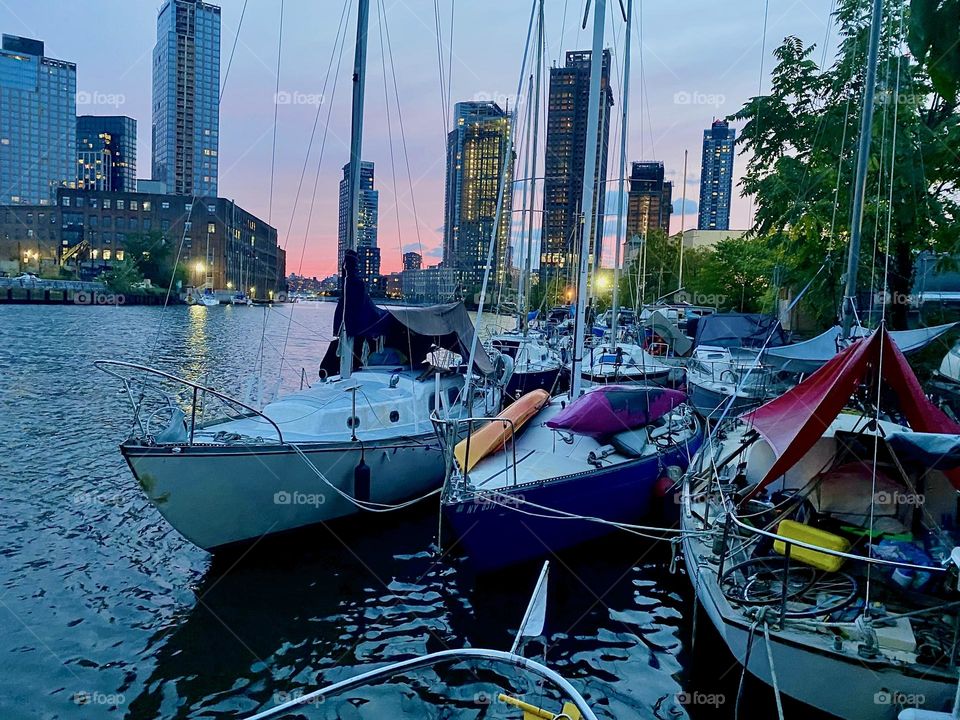 Boats are tied to the shore here at “Newtown Creek” in LIC, Queens by the “Pulaski Bridge”. This adds to the special allure that this place has already with spectacular views all around the boroughs including “Manhattan”. 2023. Hypnotic Productions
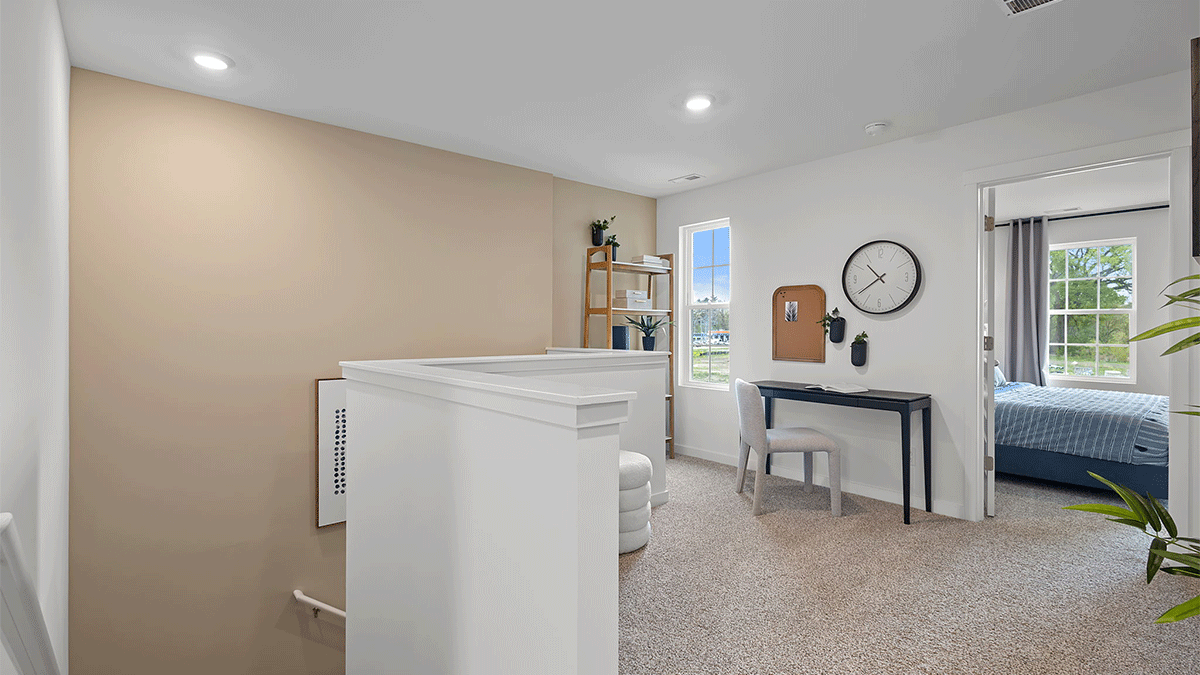 Upstairs loft area with carpeted floors.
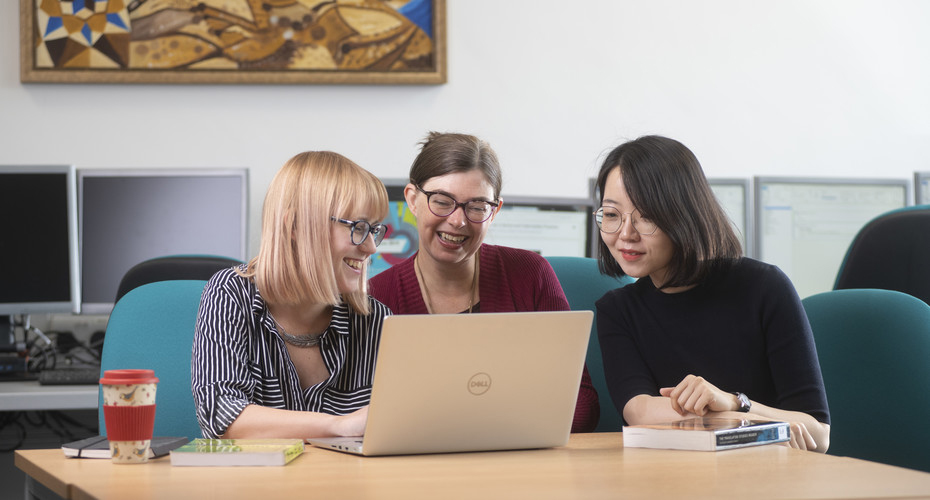 Three women engaged in discussion at a table, with a laptop open in front of them, collaborating on a project.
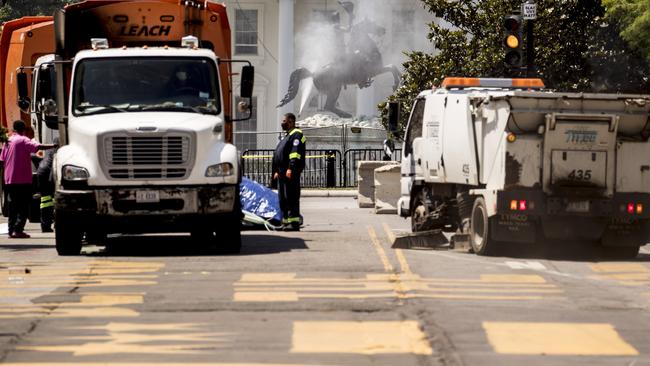 A statue of Andrew Jackson in Lafayette Park is pressure washed after being attacked by protesters. Picture: AP.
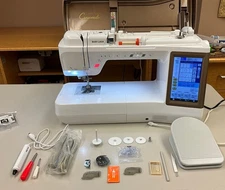 Baby Lock Crescendo sewing and quilting machine with low usage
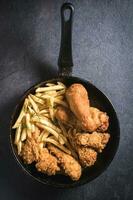 Fried chicken with french fries photo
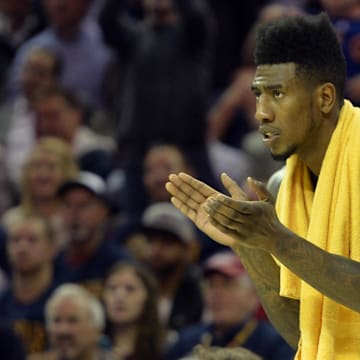 Oct 30, 2014; Cleveland, OH, USA; New York Knicks guard Iman Shumpert (21) reacts against the Cleveland Cavaliers at Quicken Loans Arena. New York won 95-90. Mandatory Credit: David Richard-Imagn Images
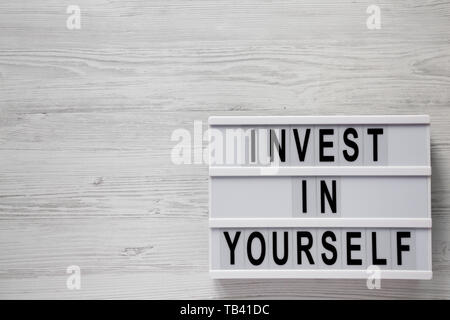 Lightbox mit 'Investieren in sich selbst die Worte über weiß Holz- Hintergrund, Ansicht von oben. Overhead, flach, von oben. Kopieren Sie Platz. Stockfoto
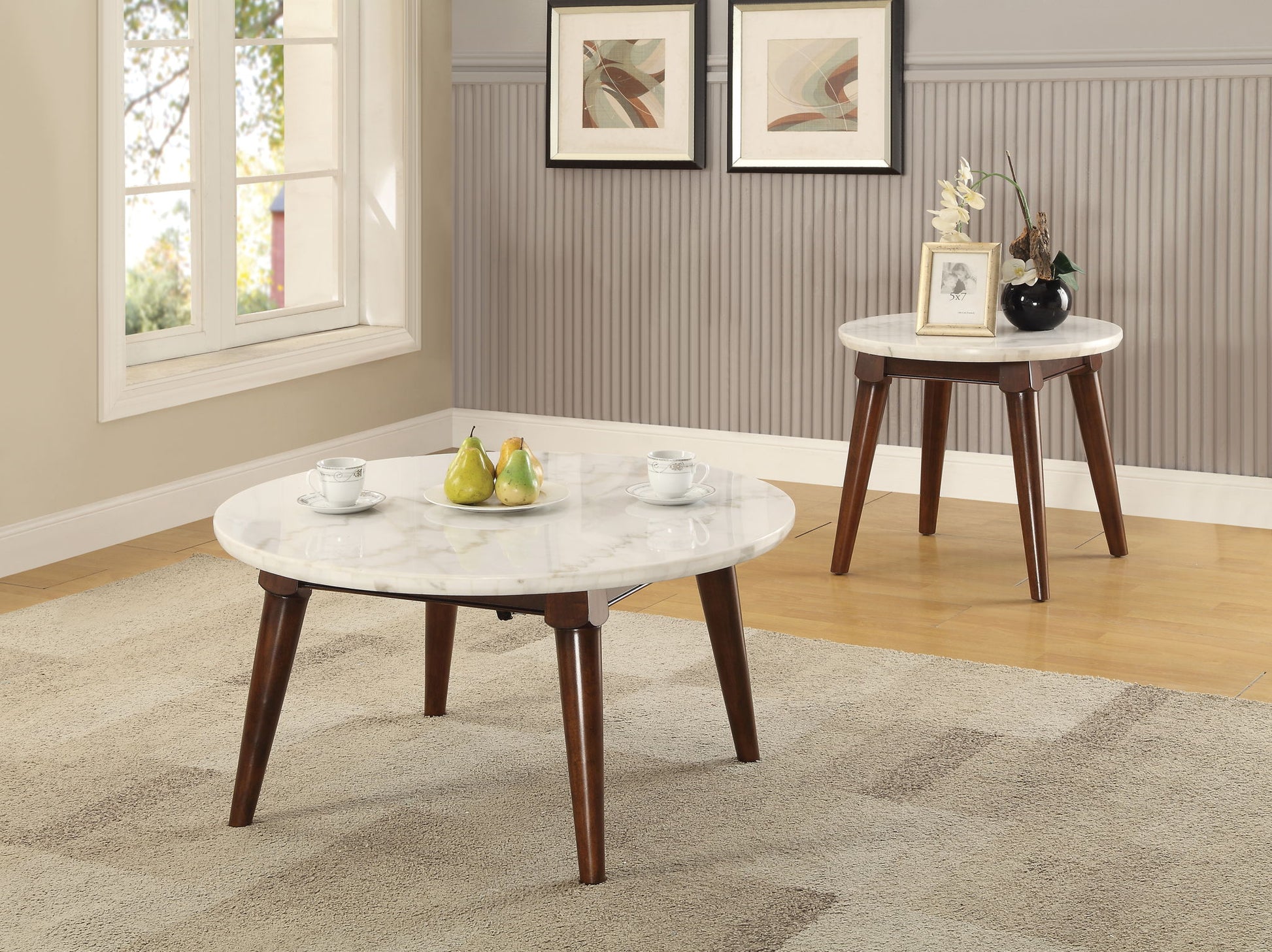 A living room features the Gasha Coffee Table in white marble and walnut, displaying fruit and cups; a matching side table holds vases. Framed wall art and a window can be seen in the background.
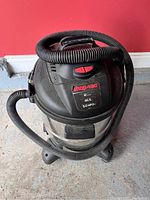 Shop-Vac stainless steel wet/dry vacuum with attached hose showing front and top with branding and power switch.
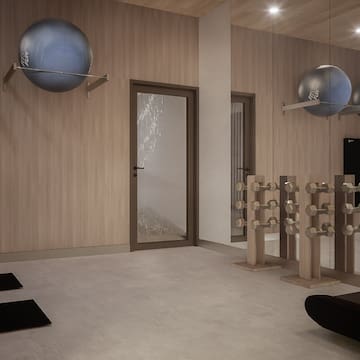 a room with exercise equipment and a door
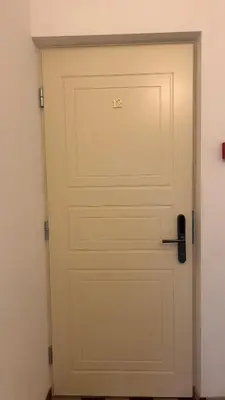a garage door with a handle on it at Vydūno apartamentai 12 in Kaunas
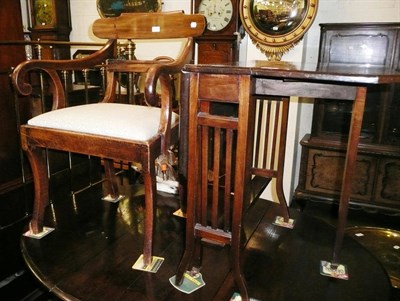 Lot 507 - A mahogany armchair and a Sutherland table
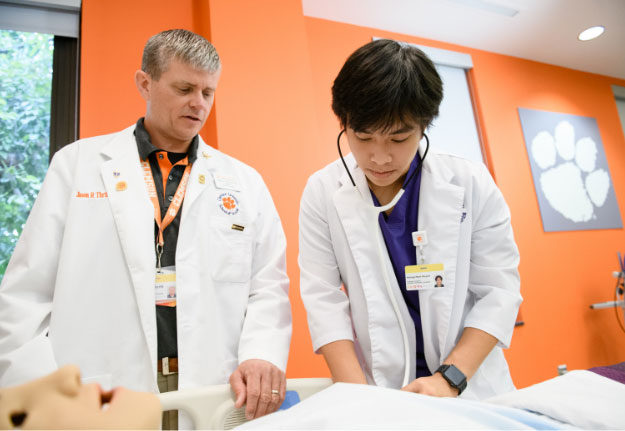 Nam uses a stethoscope to gauge the pulse of a human simulator in the nursing lab while his professor stands beside him.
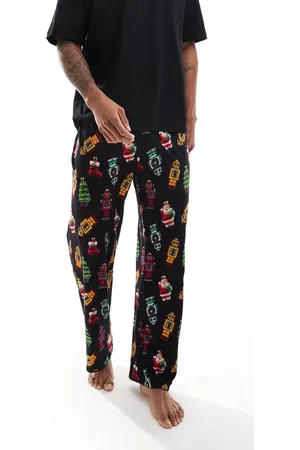 ASOS – Pyjama in Schwarz mit Weihnachtsdekomotiven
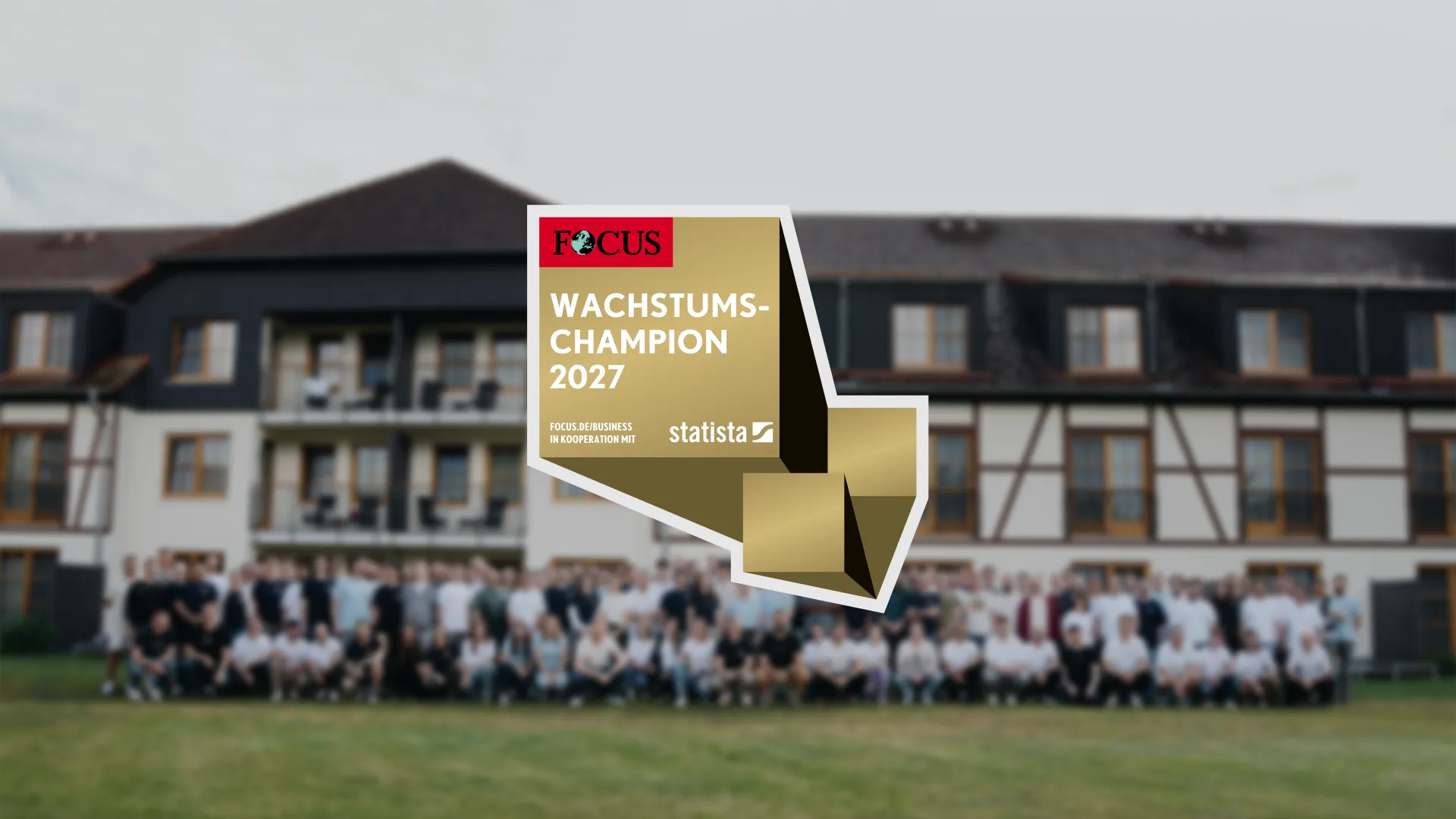 FOCUS Wachstums-Champion 2027 award badge, issued by focus.de/business in Kooperation mit Statista, overlaid on a blurred group photo of many people standing in front of a large building.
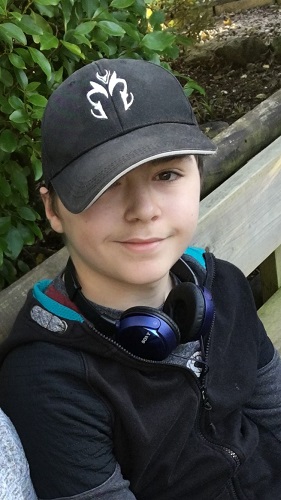 Alex smiling at the camera, headphones around his neck and a baseball cap on head
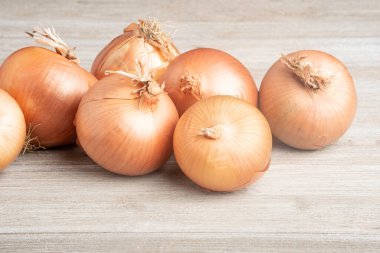 Bir demet taze, otantik güney yetiştirilmiş soğan ustalıkla beyaz boyalı bir ahşap panoya yerleştirilmiş..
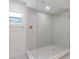 Modern glass shower with white subway tile, and updated fixtures at 3356 Maiden Ln, Sarasota, FL 34231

__YOUR TASK__
Look above for the line with "Upstairs loft area with carpeted floors." and the line with "Oct 30, 2014;"; set down those two lines and all lines between them exactly, without pictures and without anything else.

__WRITTEN RESPONSE__
 Upstairs loft area with carpeted floors.
 Three women engaged in discussion at a table, with a laptop open in front of them, collaborating on a project.
 A statue of Andrew Jackson in Lafayette Park is pressure washed after being attacked by protesters. Picture: AP.
 Baby Lock Crescendo sewing and quilting machine with low usage
 Fried chicken with french fries photo
 Oct 30, 2014; Cleveland, OH, USA; New York Knicks guard Iman Shumpert (21) reacts against the Cleveland Cavaliers at Quicken Loans Arena. New York won 95-90. Mandatory Credit: David Richard-Imagn Images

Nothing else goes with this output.